Jakarta, Kabariku- Kejaksaan Agung (Kejagung) menetapkan mantan Menteri Perdagangan, Thomas Trikasih Lembong (TTL) atau Tom Lembong, sebagai tersangka dugaan korupsi impor gula. Tom Lembong saat itu menjabat sebagai Menteri Perdagangan (Mendag).
Kepala Pusat Penerangan Hukum (Kapuspenkum), Dr. Harli Siregar, SH., M.Hum., mengatakan, pada Selasa 29 Oktober 2024, Kejagung melalui Tim Penyidik pada Direktorat Penyidikan Jaksa Agung Muda Bidang Tindak Pidana Khusus (JAM PIDSUS) telah menetapkan 2 orang Tersangka di Kementerian Perdagangan tahun 2015-2016.

Penetaan tersangka tersebut berdasarkan Surat Perintah Penyidikan Direktur Penyidikan JAM PIDSUS Nomor: Prin-54/F.2/Fd.2/10/2023 tanggal 03 Oktober 2023.
Sebagai Mendag, Tom Lembong selaku pemberi izin impor gula kepada Direktur Pengembangan Bisnis, PT Perusahaan Perdagangan Indonesia (PPI), Charles Sitorus (CS) yang juga merupakan tersangka dalam kasus dugaan korupsi impor gula ini.
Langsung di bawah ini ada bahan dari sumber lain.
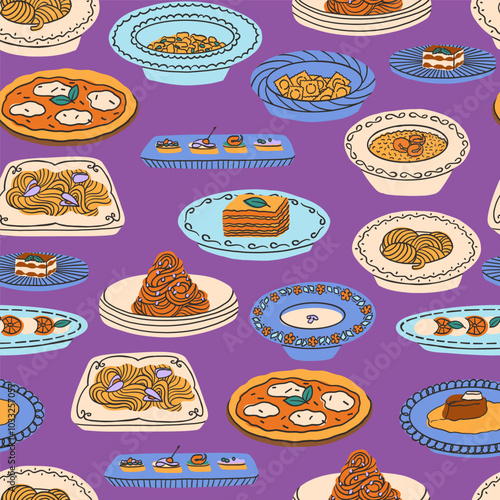 Saemless pattern of Italian dishes. Pasta, lasagna, risotto, Ossobuco, pizza with mozzarella, gnocchi, ravioli, caprese, tiramisu Colorful bright vector illustration in modern style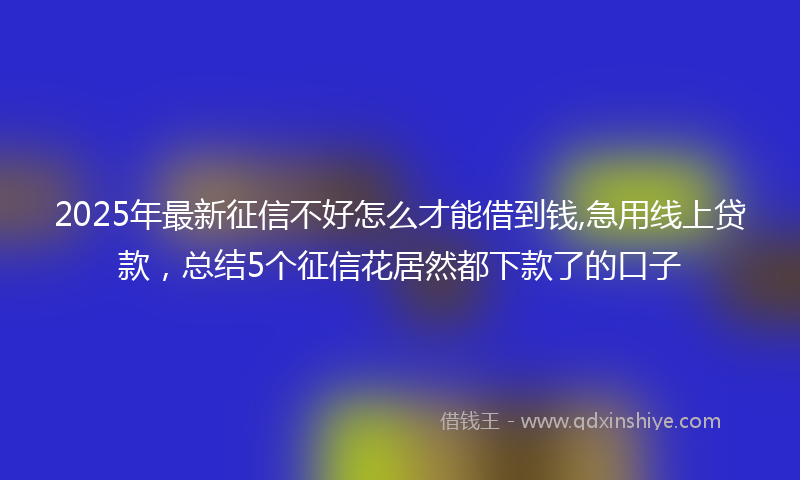2025年最新征信不好怎么才能借到钱,急用线上贷款，总结5个征信花居然都下款了的口子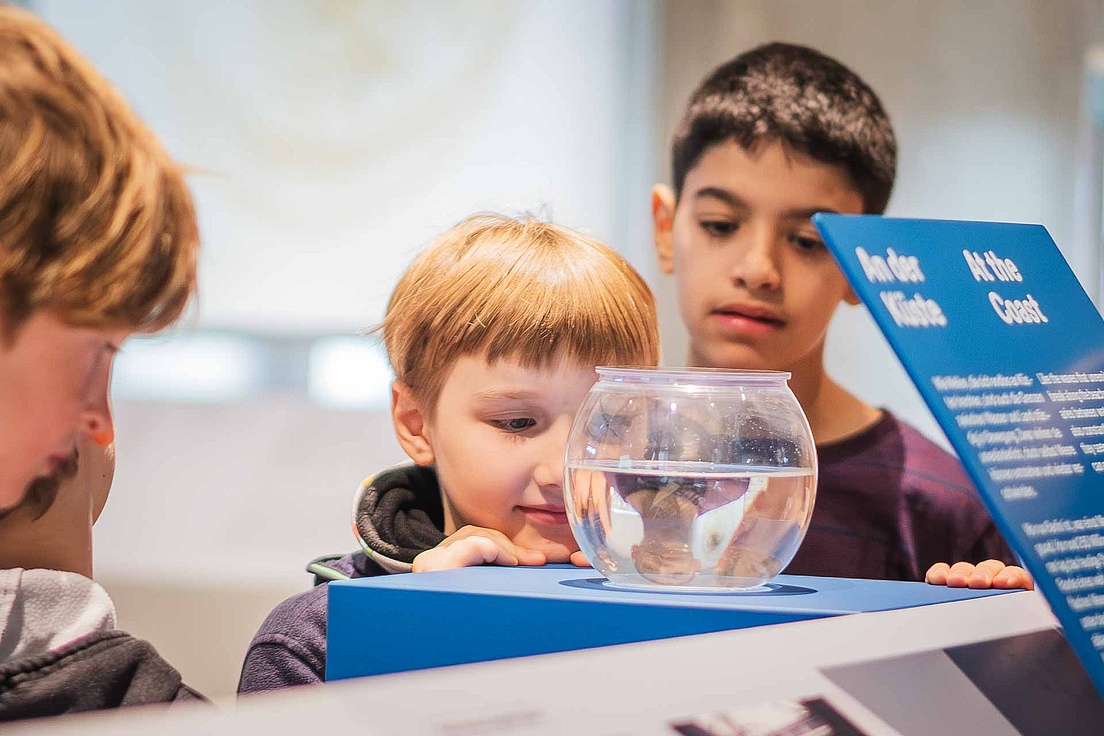 Three children, one child looking into a round glass of water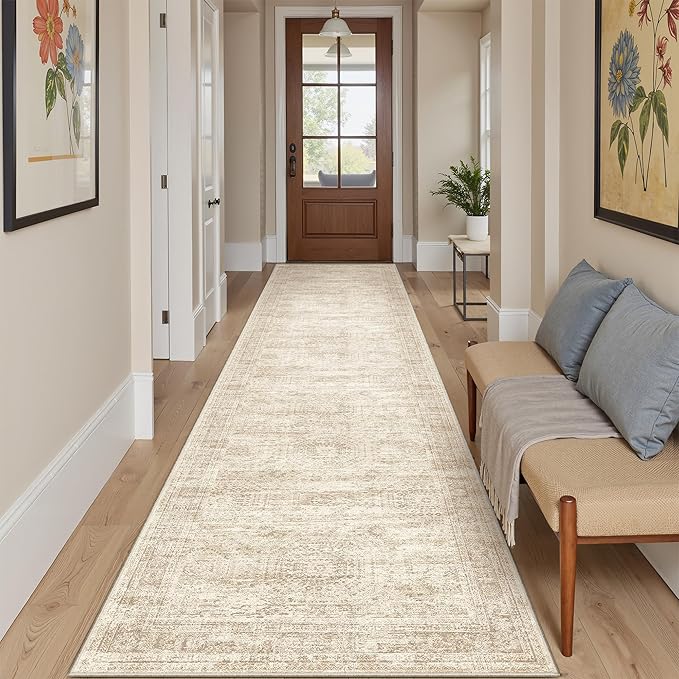 Runner Rug 2'x10' Washable Non-Slip Runner Rugs for Kitchen Bathroom Laundry Room Beige Vintage Floor Carpet Runners for Hallway Entryway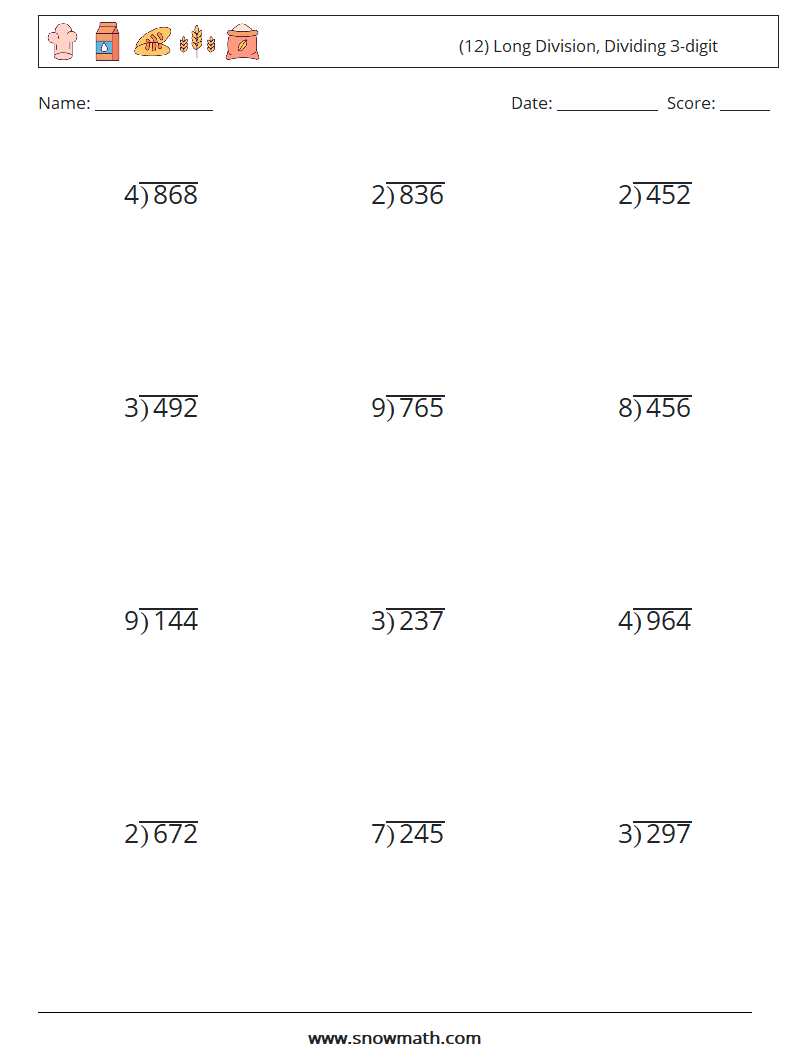 (12) Long Division, Dividing 3-digit Math Worksheets 8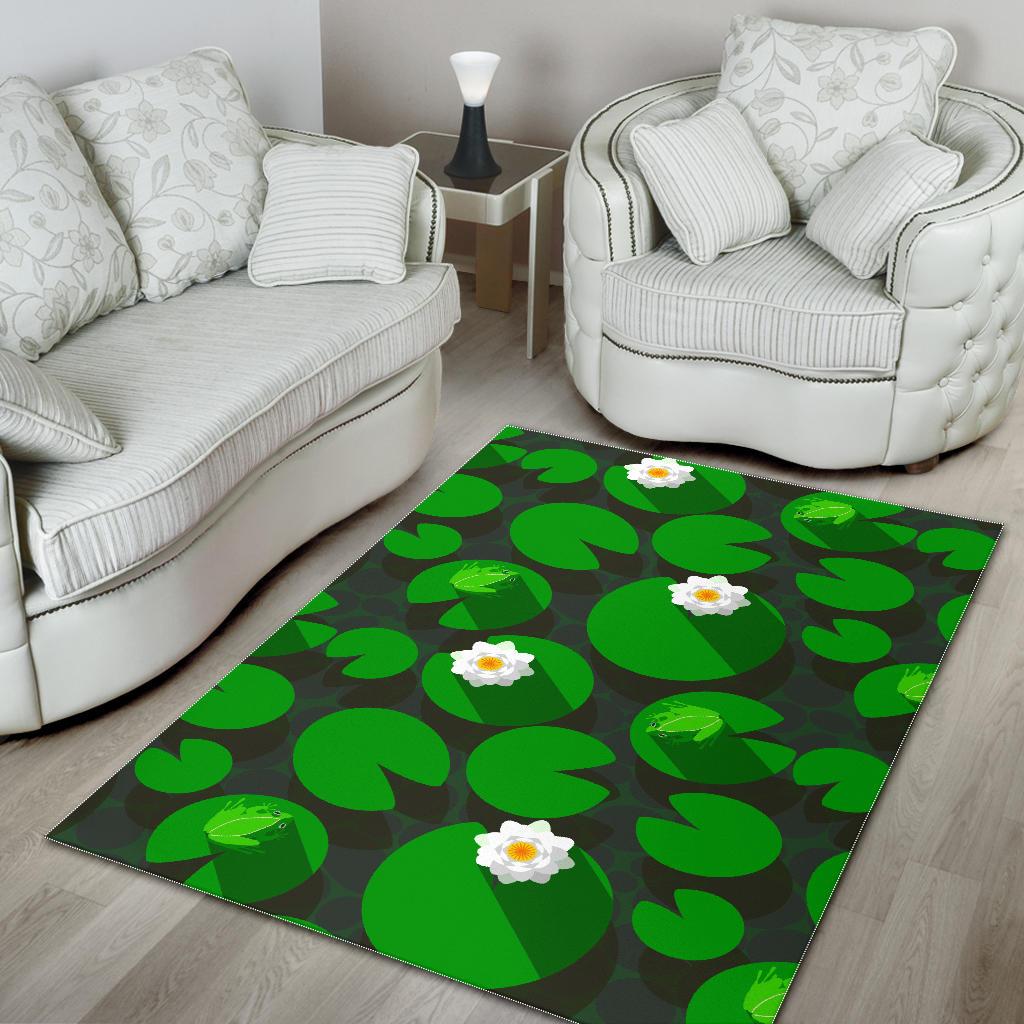 Frog waterlily pattern Area Rug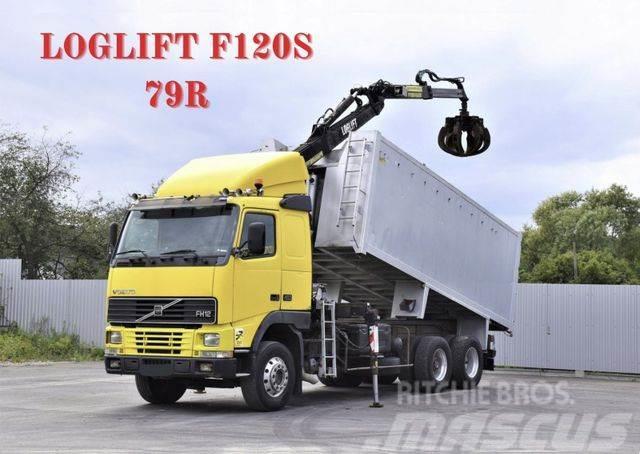 Volvo FH 12 460 Abrollkipper * LOGLIFT F120S 79R * TOP Camion cu carlig de ridicare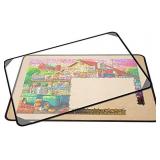 1000 Piece Jigsaw Puzzle Board with Cover - 23" x 32", Non-Slip Flannelette Surface, Easy to Move - Portable Puzzle Board for Adults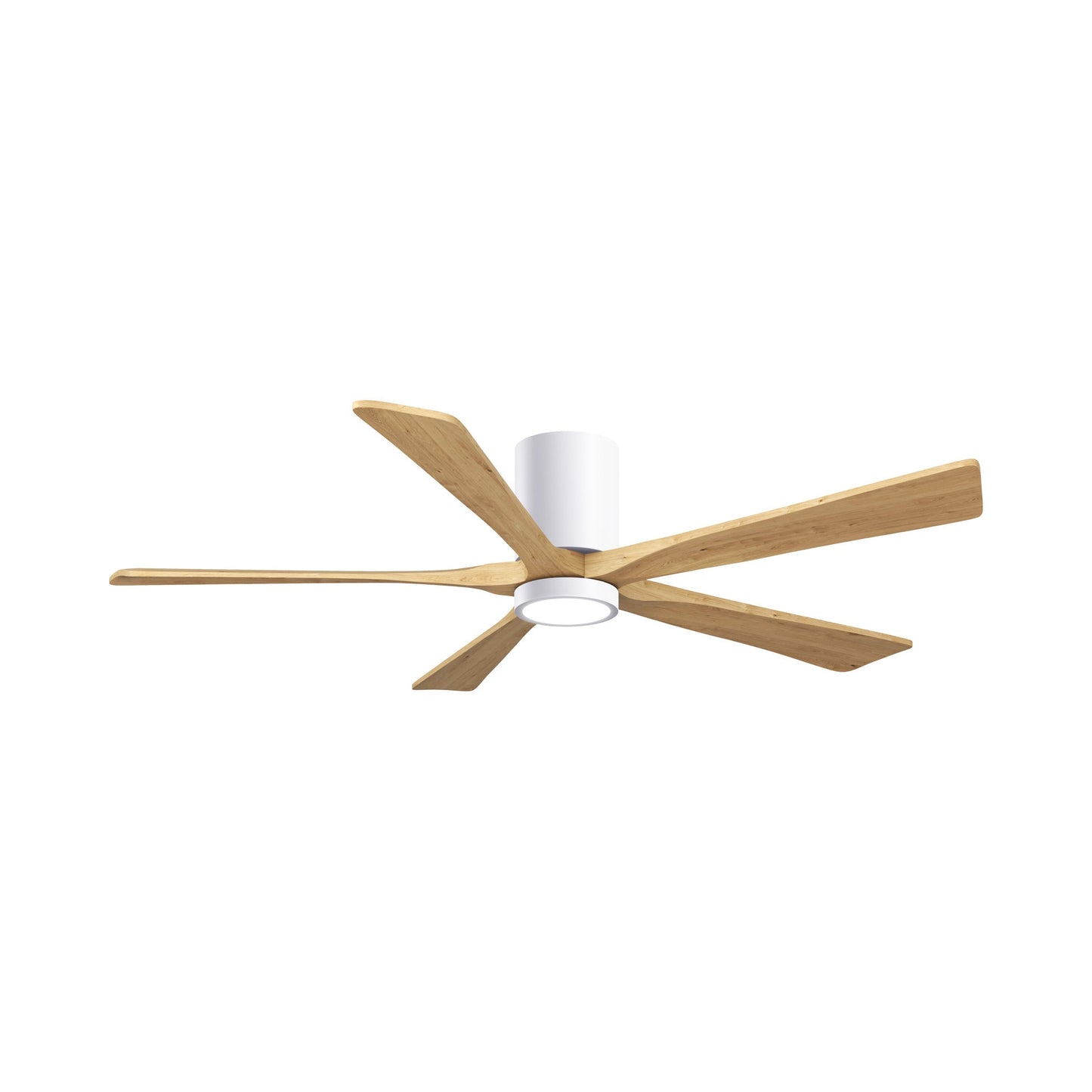 Irene IR5HLK 60-Inch Indoor / Outdoor LED Flush Mount Ceiling Fan in Gloss White/Light Maple Tone.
Dalam kasus ini, Kejagung melibatkan ahli untuk memastikan jumlah pasti kerugian negara dalam kasus dugaan korupsi impor gula yang menjerat mantan Menteri Perdagangan, Thomas Lembong.
Kepala Pusat Penerangan Hukum (Kapuspenkum), Harli Siregar, menyatakan bahwa angka kerugian negara sementara sebesar Rp400 Miliar masih akan dihitung lebih lanjut agar mendapat angka pasti.
“Kita akan menggandeng ahli untuk memastikan berapa kerugian negara. Saat ini perhitungan masih berlangsung,” ujar Harli di Kejagung Jakarta. Kamis (31/10/2023).
Harli menjelaskan, estimasi kerugian negara sementara dihitung berdasarkan selisih harga jual gula di pasar, yaitu Rp 16.000 per kilogram, dibandingkan dengan harga acuan tertinggi sebesar Rp 13.000. Selisih ini, dikalikan dengan kuota impor gula yang diberikan, menghasilkan nilai dugaan kerugian sebesar Rp400 Miliar.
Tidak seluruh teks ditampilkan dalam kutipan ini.